▶ _What to produce_:
Copy every line of the data that includes the string "este".
==============================
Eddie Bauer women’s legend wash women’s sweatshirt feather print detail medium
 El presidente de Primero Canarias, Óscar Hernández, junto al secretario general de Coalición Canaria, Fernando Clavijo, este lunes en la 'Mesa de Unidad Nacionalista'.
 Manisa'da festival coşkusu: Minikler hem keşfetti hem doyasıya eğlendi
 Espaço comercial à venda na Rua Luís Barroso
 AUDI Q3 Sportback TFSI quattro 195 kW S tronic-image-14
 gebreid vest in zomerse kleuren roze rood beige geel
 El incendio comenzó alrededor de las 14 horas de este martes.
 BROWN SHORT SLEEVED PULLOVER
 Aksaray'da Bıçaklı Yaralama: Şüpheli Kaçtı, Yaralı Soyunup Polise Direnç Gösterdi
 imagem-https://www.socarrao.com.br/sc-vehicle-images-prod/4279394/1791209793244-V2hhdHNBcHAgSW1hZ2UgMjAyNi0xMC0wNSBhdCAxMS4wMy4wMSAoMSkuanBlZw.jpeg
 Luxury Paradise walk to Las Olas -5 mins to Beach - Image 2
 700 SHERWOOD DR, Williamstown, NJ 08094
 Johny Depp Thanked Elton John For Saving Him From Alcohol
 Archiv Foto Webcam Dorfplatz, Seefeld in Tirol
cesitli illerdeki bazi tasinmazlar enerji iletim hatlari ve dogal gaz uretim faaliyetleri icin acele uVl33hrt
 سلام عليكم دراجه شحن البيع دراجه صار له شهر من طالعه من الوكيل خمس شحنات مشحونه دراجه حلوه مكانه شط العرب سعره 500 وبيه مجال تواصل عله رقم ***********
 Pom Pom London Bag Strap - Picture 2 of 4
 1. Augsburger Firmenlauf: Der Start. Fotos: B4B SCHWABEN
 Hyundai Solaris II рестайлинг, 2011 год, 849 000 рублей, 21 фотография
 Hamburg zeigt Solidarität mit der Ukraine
==============================
▶ _Response to the exercise_:
 El presidente de Primero Canarias, Óscar Hernández, junto al secretario general de Coalición Canaria, Fernando Clavijo, este lunes en la 'Mesa de Unidad Nacionalista'.
 El incendio comenzó alrededor de las 14 horas de este martes.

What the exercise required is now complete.